Raw data -

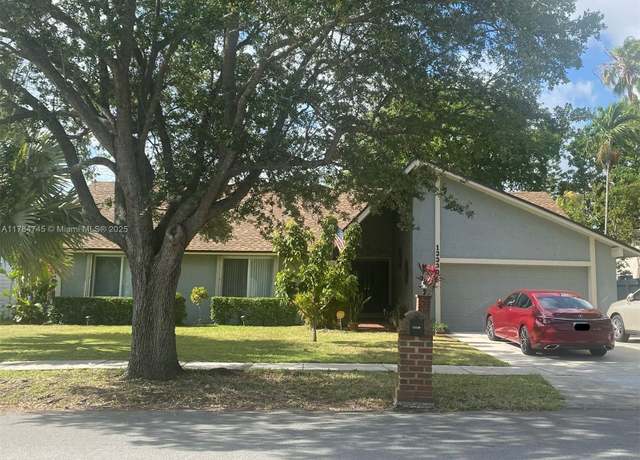 Property at 13330 SW 102nd St, Miami, FL 33186, 3 beds, 2 baths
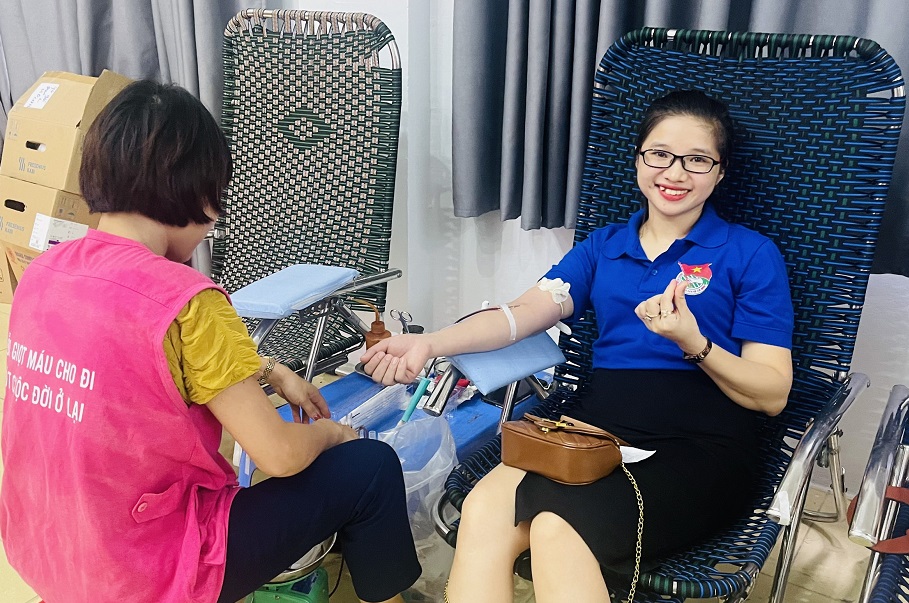 Tuổi trẻ Đoàn Khối tham gia hiến máu tình nguyện chương trình  “Hành trình đỏ - Kết nối dòng máu Việt” lần thứ XI năm 2023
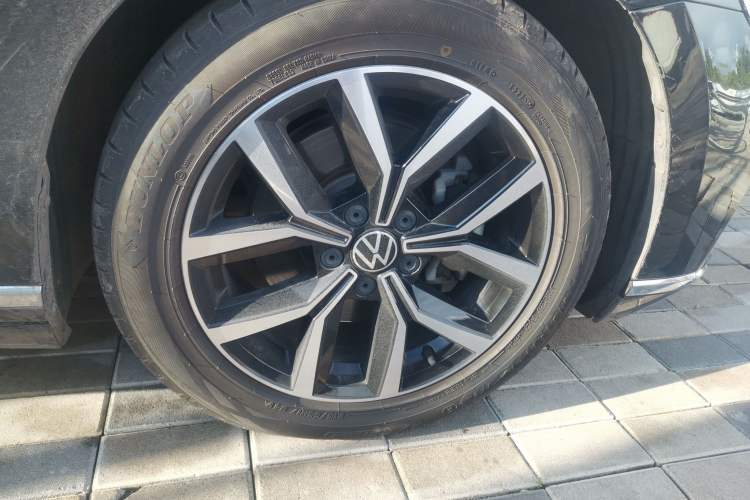 Used Volkswagen Magotan 2020 330TSI DSG Leading Model Right Front Wheel Hub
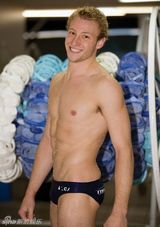 组图：奥运跳水冠军半裸展现运动之美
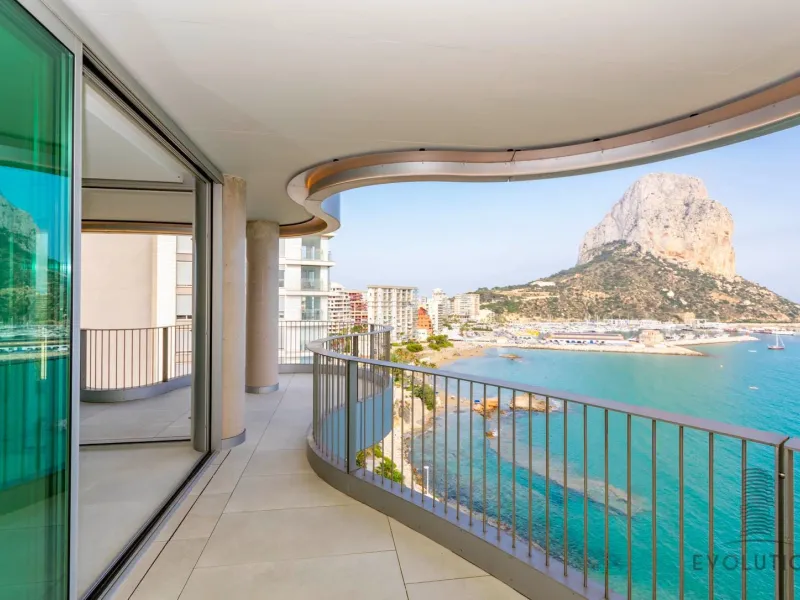 Homes with modern design and high technology on the front line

Task prompt -
An exact repeat of the listing above, pictures excluded, is the answer.

Solution for this problem -
 Property at 13330 SW 102nd St, Miami, FL 33186, 3 beds, 2 baths
 Tuổi trẻ Đoàn Khối tham gia hiến máu tình nguyện chương trình  “Hành trình đỏ - Kết nối dòng máu Việt” lần thứ XI năm 2023
 Used Volkswagen Magotan 2020 330TSI DSG Leading Model Right Front Wheel Hub
 组图：奥运跳水冠军半裸展现运动之美
 Homes with modern design and high technology on the front line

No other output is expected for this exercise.